Derivatives play a crucial role in calculus. They help us understand how a function changes at different points in its domain. In this exercise, we have the function \( f(x) = x - x^2 \). To find its derivative, we differentiate the function with respect to \( x \), giving us \( f'(x) = 1 - 2x \). This derivative tells us the slope of the tangent line to the graph of \( f(x) \) at any point \( x \).

• A positive derivative indicates the function is increasing.
• A negative derivative suggests the function is decreasing.
• If the derivative is zero, like when \( f'(x) = 1 - 2x = 0 \), it signifies a potential turning point.

Understanding the derivative is essential for determining where the function might reach its highest or lowest values in a given interval.

Critical points are places on the graph of a function where the derivative is zero or undefined. They are crucial because they indicate where the function's rate of change is racing towards zero, possibly indicating a peak or a valley. For the function \( f(x) = x - x^2 \), setting \( f'(x) = 0 \) gives us \( 1 - 2x = 0 \), leading to \( x = \frac{1}{2} \). This \( x \) value is a critical point.
Critical points can potentially be:

• A local maximum, where the function changes from increasing to decreasing.
• A local minimum, where the function changes from decreasing to increasing.
• A point of inflection, where the function changes concavity.
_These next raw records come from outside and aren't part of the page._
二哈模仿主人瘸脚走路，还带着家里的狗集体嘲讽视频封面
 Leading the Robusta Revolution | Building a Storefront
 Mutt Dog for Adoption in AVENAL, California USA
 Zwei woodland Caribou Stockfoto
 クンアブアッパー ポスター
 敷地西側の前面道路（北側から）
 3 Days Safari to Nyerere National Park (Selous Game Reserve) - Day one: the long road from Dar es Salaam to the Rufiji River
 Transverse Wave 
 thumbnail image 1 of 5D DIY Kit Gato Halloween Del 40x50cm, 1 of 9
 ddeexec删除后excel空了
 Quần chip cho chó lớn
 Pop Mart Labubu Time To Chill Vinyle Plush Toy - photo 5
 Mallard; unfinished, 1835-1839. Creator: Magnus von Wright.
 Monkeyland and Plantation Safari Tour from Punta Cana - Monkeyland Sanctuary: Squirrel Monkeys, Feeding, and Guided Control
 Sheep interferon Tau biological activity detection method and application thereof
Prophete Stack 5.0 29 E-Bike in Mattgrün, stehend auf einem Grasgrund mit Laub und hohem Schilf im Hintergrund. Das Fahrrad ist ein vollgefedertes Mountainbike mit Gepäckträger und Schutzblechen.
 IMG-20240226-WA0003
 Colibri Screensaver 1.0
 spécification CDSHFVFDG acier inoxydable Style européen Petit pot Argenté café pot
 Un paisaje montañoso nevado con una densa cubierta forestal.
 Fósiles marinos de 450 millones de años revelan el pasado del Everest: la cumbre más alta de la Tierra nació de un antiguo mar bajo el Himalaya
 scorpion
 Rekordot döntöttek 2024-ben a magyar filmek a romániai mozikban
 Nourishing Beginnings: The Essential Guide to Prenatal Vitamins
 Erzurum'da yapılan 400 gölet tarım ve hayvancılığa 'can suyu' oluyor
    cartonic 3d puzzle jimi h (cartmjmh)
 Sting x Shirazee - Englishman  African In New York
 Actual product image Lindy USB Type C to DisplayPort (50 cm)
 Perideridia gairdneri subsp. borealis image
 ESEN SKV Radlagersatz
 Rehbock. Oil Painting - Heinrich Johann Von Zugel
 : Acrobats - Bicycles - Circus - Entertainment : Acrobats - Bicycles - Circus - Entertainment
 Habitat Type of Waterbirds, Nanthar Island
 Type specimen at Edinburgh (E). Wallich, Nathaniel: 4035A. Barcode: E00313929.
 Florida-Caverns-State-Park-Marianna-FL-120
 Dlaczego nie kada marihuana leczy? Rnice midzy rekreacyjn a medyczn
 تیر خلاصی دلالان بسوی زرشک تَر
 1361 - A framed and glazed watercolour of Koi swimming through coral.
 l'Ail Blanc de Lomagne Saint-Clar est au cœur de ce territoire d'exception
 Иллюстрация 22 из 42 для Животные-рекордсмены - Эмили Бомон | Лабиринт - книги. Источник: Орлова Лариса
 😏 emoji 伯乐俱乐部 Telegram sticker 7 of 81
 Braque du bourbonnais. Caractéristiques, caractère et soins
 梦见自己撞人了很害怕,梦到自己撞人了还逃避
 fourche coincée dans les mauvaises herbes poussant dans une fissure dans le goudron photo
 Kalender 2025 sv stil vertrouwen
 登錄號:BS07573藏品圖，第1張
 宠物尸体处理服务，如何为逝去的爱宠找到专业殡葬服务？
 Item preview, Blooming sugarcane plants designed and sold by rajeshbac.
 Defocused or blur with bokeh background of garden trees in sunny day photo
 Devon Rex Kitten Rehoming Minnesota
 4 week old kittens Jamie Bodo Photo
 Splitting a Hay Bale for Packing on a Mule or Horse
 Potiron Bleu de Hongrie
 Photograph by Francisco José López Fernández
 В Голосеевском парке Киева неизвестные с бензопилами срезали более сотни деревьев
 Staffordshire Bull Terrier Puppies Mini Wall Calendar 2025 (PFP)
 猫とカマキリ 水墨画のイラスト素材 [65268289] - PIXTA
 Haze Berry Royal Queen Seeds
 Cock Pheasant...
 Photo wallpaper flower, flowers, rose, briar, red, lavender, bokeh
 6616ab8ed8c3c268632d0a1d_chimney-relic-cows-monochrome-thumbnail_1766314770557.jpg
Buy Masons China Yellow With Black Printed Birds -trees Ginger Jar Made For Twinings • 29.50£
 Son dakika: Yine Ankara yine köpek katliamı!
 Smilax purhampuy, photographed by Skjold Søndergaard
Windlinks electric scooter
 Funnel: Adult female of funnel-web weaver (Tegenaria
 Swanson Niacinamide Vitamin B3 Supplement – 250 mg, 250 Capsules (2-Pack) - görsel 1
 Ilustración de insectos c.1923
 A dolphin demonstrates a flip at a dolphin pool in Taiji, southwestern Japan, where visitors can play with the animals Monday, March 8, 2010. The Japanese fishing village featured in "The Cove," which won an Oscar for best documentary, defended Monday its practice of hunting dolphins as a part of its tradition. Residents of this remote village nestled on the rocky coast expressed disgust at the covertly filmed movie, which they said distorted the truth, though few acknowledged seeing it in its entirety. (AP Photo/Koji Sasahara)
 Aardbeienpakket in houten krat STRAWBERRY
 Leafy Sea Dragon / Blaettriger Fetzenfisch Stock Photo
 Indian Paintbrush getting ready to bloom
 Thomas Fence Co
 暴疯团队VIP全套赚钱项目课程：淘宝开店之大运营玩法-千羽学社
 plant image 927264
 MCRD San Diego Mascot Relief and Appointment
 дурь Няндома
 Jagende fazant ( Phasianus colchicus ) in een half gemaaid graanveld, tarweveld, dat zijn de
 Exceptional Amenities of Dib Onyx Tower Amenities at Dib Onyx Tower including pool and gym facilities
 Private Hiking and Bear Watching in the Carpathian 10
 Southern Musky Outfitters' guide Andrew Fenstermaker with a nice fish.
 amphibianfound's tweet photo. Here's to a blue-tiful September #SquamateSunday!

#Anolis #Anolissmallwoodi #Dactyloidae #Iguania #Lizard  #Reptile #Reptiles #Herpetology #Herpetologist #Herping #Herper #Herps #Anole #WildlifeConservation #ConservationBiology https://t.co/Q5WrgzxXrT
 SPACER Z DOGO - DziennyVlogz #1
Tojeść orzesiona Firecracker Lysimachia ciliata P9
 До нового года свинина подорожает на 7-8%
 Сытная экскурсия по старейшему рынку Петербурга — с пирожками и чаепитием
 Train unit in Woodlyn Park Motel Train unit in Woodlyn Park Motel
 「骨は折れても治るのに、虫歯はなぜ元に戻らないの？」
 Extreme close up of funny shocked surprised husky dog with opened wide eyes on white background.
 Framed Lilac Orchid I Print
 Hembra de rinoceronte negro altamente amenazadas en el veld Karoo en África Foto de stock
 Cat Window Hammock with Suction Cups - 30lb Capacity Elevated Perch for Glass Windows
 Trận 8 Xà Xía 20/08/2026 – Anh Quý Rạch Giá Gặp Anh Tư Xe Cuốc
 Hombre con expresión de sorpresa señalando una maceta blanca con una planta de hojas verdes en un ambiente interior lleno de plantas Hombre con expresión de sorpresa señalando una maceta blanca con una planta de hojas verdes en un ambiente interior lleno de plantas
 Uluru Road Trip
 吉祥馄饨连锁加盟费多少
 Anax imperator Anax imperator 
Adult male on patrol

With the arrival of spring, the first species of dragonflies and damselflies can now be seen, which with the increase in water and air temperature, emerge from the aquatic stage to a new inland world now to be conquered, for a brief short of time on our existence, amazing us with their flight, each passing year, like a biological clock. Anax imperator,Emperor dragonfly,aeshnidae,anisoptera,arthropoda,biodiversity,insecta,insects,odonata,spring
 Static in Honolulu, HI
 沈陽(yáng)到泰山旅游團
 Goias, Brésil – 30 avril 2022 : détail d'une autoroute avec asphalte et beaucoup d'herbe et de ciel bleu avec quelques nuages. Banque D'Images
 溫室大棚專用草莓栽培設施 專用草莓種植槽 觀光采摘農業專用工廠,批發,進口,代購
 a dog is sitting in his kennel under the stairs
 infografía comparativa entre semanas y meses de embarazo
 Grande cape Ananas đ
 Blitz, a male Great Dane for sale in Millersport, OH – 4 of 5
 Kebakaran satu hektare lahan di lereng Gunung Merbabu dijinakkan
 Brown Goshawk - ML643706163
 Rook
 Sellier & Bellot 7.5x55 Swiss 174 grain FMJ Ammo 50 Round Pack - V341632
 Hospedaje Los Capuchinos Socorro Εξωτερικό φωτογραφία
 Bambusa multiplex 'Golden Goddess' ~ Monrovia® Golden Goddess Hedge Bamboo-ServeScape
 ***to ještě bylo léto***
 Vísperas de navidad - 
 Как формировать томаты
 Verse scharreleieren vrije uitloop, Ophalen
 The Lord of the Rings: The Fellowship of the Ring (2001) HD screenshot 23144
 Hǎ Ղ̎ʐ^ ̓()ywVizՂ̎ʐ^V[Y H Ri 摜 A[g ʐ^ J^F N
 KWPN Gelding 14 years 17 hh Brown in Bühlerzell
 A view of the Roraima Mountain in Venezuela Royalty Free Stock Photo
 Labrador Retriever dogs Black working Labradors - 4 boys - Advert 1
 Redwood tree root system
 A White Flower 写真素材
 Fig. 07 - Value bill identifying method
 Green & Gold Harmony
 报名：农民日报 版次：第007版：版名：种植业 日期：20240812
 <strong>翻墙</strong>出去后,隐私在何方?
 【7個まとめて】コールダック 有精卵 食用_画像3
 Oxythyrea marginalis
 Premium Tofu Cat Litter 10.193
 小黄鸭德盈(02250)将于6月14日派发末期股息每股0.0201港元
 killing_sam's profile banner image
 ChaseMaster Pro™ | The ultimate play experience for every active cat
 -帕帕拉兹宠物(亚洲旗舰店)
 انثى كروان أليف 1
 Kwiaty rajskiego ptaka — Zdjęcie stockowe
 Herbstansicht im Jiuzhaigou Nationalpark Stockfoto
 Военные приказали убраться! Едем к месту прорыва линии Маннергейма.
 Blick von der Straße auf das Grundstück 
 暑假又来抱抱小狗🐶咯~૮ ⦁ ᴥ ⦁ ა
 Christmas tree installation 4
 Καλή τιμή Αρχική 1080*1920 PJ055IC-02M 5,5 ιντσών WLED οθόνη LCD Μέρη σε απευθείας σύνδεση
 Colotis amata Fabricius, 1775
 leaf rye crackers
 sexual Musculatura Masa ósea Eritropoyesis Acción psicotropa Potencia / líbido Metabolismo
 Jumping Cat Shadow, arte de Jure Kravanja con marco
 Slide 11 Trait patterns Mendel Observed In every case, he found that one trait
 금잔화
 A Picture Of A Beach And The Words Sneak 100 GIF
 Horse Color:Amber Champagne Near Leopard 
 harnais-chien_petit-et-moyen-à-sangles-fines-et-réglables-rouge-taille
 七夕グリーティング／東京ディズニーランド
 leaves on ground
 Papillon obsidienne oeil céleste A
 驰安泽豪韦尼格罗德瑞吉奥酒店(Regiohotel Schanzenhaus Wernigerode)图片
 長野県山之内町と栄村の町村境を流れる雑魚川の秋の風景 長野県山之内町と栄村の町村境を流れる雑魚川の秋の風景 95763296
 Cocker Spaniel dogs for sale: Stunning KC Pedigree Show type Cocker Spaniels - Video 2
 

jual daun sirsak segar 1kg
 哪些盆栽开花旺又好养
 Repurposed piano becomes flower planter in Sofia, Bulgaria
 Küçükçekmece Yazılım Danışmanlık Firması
For our purpose, identifying and evaluating critical points helps us to locate maximum values within an interval.

Maximizing a function means finding the maximum value a function can reach within its domain. In this exercise, we aim to maximize \( f(x) = x - x^2 \) over the interval \([0,1]\). By evaluating the critical point \( x = \frac{1}{2} \) and the endpoints, we can determine which gives the highest value.

• At \( x = 0 \), \( f(0) = 0 \).
• At \( x = 1 \), \( f(1) = 0 \).
• At \( x = \frac{1}{2} \), \( f\left(\frac{1}{2}\right) = \frac{1}{4} \).

So the maximum value is \( \frac{1}{4} \), and it occurs at \( x = \frac{1}{2} \). To maximize a function is about determining where it reaches its peak, considering both critical points and endpoints.

Interval analysis involves examining a function's behavior over a specific range of values. In this exercise, we look at the interval \([0,1]\) to find where our function exceeds its square by the maximum amount. We start by identifying and evaluating any critical points and endpoints, as these are potential points for maxima or minima.
In this particular case:

• Determine endpoints: the function begins at \( x = 0 \) and ends at \( x = 1 \)
• Assess the critical point \( x = \frac{1}{2} \)

By evaluating the function at these points within the interval, we determine that the maximum value is \( \frac{1}{4} \) at \( x = \frac{1}{2} \). Interval analysis helps ensure we find the global maximum within a specific range, instead of simply identifying local behavior.